In-service days they call 'em around here. :roll: One of ours had 4 in first term -equating to nearly a week out. That the school then frowns if we want to take Jess out of school a few days before breaking up date, so we can go on our summer hols, is ludicrous.

In sharp contrast, we have another at private school, where they do not do any in-service days. How come? Accountable to their fee payers, that's why.

I really dont see why state school teachers cannot use the lengthy hols to do this stuff.

Then there is 'edu-babble'. Why does the state school have a Learning Resource Centre and the private one a library? Why does the state school have Mentor Groups where the private has Houses? Why does the state have 360 Degree Feedback Sessions whilst the private manages with parents' evenings? Because they are full of shite and have been spending far too much time on management courses and listening to American Corporate Speak. These are children FFS, not corporate troopers. Some of us get enough of that at work, without seeing our kids' heads filled with similar rubbish.

Jess (state school) has t osubmit some homework in Powerpoint format.  :x :x :x Makes my blood boil. It's pure presentation glitz over learning, understanding and synthesis of content.

And it is because of this that state teachers are spending valuable teaching time (wholly funded by tax payers) developing strategies and being corporate.


----------



## saint (Dec 6, 2002)

Ok, granted teachers may not have the flexibility of taking holidays as and when suits... however... as touched on above - do teachers really need to have the same length of holidays as the kids?

Most of us are lucky to get 5 to 6 weeks paid holidays per year.... teachers get that during the sumer. (I know that temp teachers do not get paid for the holidays however they do get enhanced rates)

So, yes, why don't teachers do workplace training during the school holiday periods?


----------



## saint (Dec 6, 2002)

Oh, did mean to add too - I do realise that in certain cases teachers do some work outwith term time and career development courses - but this is not the norm.


----------



## Jac-in-a-Box (Nov 9, 2002)

Don't blame the teachers - look to your LEA and the government.

If education wasn't a political football schools wouldn't have to put up with the utter crap branded as initiatives punted out in an endless stream by the "good ideas clubs"

So, the in-training days are for the poor souls to have another pointless, costly and doubtless ineffective "good idea" inflicted on them by their LEA at the behest of a government playing with kids futures to score political points.

Get politics out of education and let the teachers who are infinately more qualified to teach (and they want to) decide the best way to educate your youngsters...too much interference by no-hopers without the first idea of what's needed.

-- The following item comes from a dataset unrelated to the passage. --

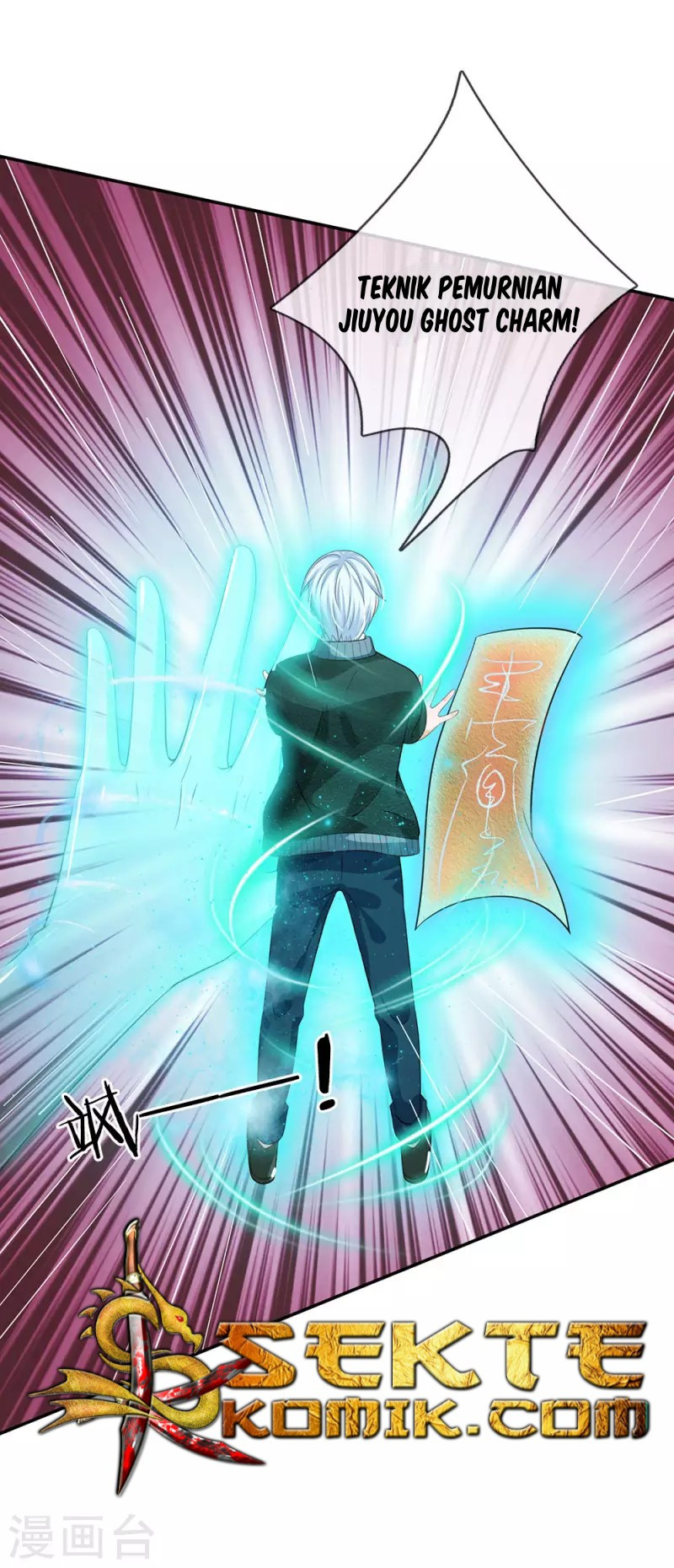 Halaman 13 dari I am Daxianzun Chapter 65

Should it be done in school holiday time? Should it f*ck. They've earned that break.
If you think they've got 6 weeks off for summer, you're wrong...

Dave


----------



## Toshiba (Jul 8, 2004)

They are for the teachers to go out drinking and taking dope all day.
Maybe they are telling them the answers to the up and coming tests in order to improve league results :roll:

From 2010 you will need a BA and a Phd to work in Mc'ds.


----------



## garyc (May 7, 2002)

Jac-in-a-Box said:


> Don't blame the teachers - look to your LEA and the government.
> 
> If education wasn't a political football schools wouldn't have to put up with the utter crap branded as initiatives punted out in an endless stream by the "good ideas clubs"
> 
> ...


Good point, Make that 8 weeks for some.


----------



## PIPTT (May 6, 2002)

have to agree, i was a school governor for a couple of years in a junior school and bureaucracy and paperwork has overtaken the teaching :?

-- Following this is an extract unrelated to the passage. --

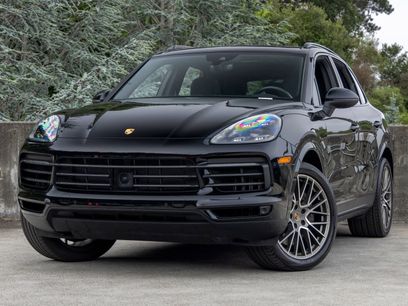 Certified 2023 Porsche Cayenne Platinum Edition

it's total bullshit, typical of this government :x


----------



## Jac-in-a-Box (Nov 9, 2002)

garyc said:


> Jac-in-a-Box said:
> 
> 
> > Don't blame the teachers - look to your LEA and the government.
> ...


Teachers fault I suppose?

Dave


----------



## garyc (May 7, 2002)

Jac-in-a-Box said:


> garyc said:
> 
> 
> > Jac-in-a-Box said:
> ...


No they are poor over-stressed, over-worked victims. Thank heavens they don't get punished with a whole 2 weeks off in summer like most of the over-indulged ungrateful public out there in their far less tiresome, busy and unstressed positions.


----------



## Jac-in-a-Box (Nov 9, 2002)

garyc said:


> No they are poor over-stressed, over-worked victims. Thank heavens they don't get punished with a whole 2 weeks off in summer like most of the over-indulged ungrateful public out there in their far less tiresome, busy and unstressed positions.


Envy?

Sounds the typical comment of those in their _high pressure, stressful, prestigious and time consumming jobs etc_ - at least that's how they view themselve's....they usually have the perception that sending their kids to school is a right to a free child minding service. 
Your comments above typically reflect those now faced with inconvenience of kids interferring with their daily routine for the coming 6 weeks or more.

Shame...for the kids of course.

Dave


----------



## Hark (Aug 23, 2007)

Love how everyone has an opinion on teachers and education. If you go the pub or whatever and tell someone your a teacher, you can spend the next 10-15 min discussing their views on education.

I teach, you might have guessed. Some teachers get there at 8.30 and are out by 3.30, they are lazy depressive and think they have a tough time etc. Same kind of ppl in every job I think. This does not apply to all teachers.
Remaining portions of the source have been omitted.